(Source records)
=-=-=-=-=

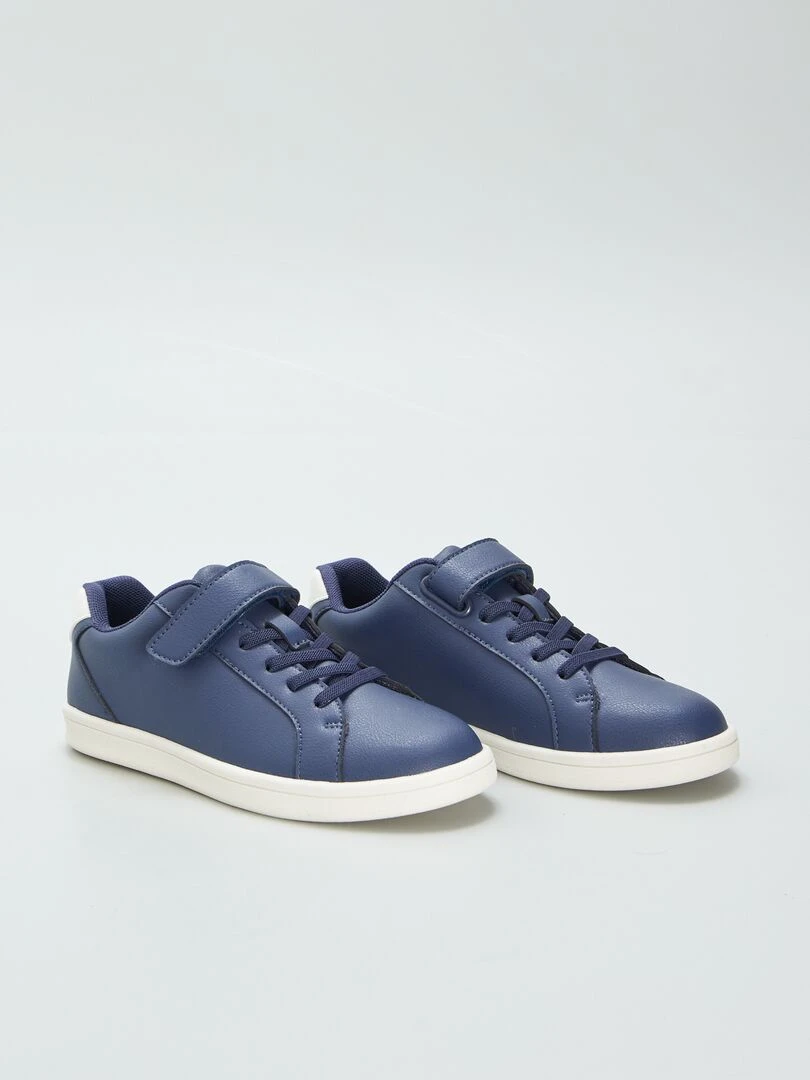Baskets basses en simili Bleu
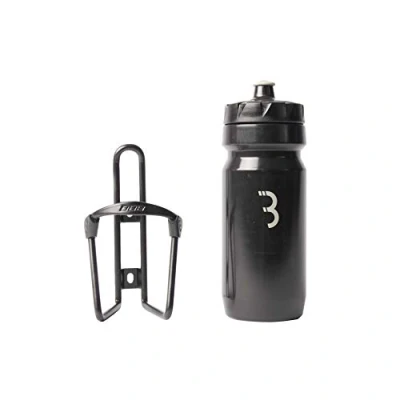 Imagen de BBB Bike Water Bottle Cage Combination Fueltank Comptank Botella de Agua (550 ml) y combinación Jaula para Bicicleta, Ajuste Universal, Color Mate, Blanco Negro, Unisex, Black/Black White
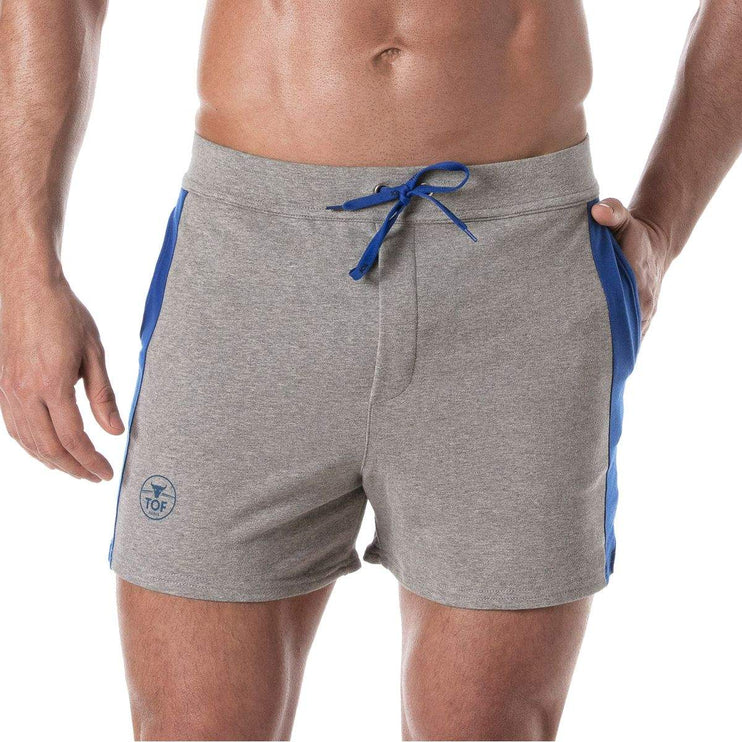 TOF Football 4" cotton short grey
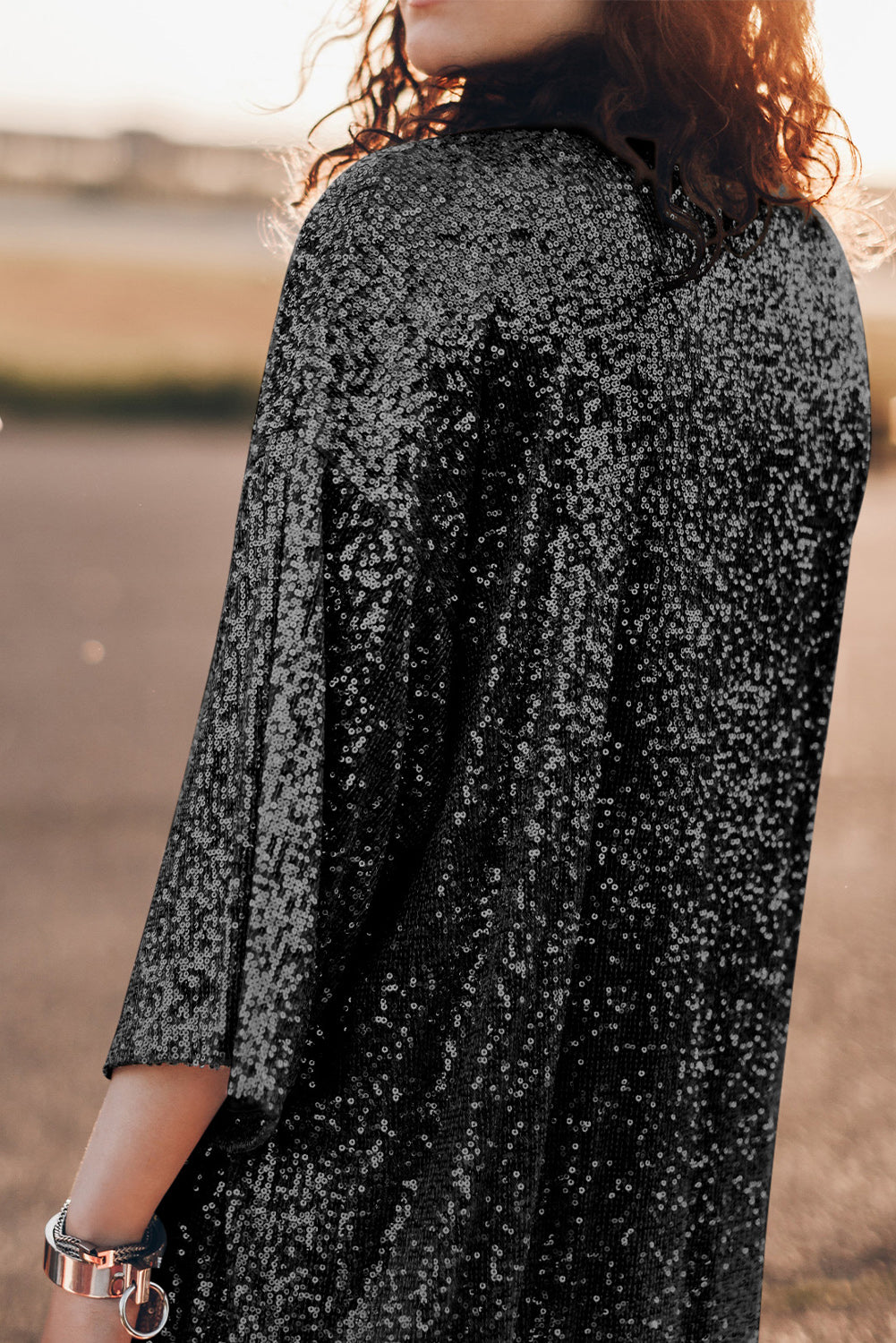 Stunning Sequin Long Black Cardigan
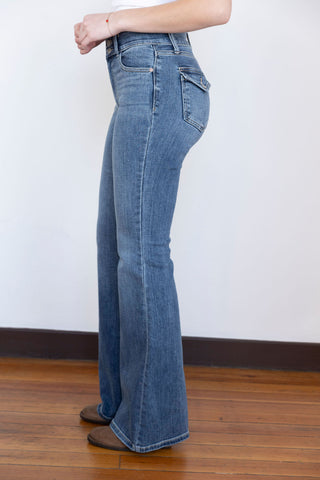 Judy Blue high-waisted flare jeans with a double-button closure in medium wash, designed with ultra-stretch denim for a flattering fit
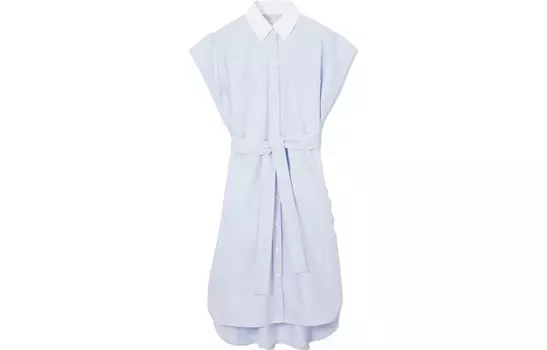 Платье с короткими рукавами женское светло-голубое Burberry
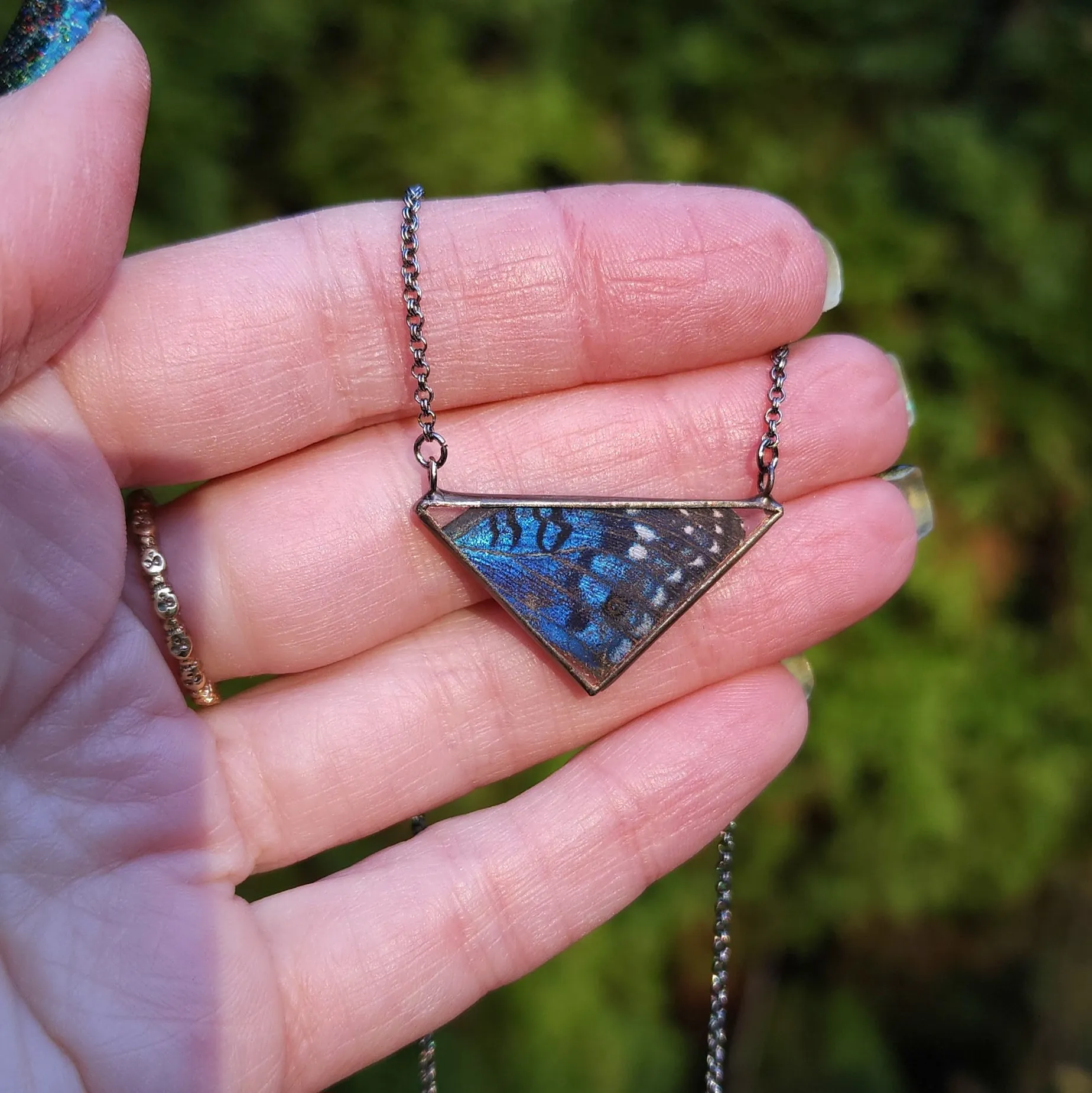 Blue Buck-Eye Butterfly Cardinal Necklace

=-=-=-=-=

--- Description of the task ---
Keep the pictures out while you retype all of the data above exactly as it appears.

--- Your solution ---
Baskets basses en simili Bleu
 Imagen de BBB Bike Water Bottle Cage Combination Fueltank Comptank Botella de Agua (550 ml) y combinación Jaula para Bicicleta, Ajuste Universal, Color Mate, Blanco Negro, Unisex, Black/Black White
 TOF Football 4" cotton short grey
 Stunning Sequin Long Black Cardigan
 Judy Blue high-waisted flare jeans with a double-button closure in medium wash, designed with ultra-stretch denim for a flattering fit
 Платье с короткими рукавами женское светло-голубое Burberry
 Blue Buck-Eye Butterfly Cardinal Necklace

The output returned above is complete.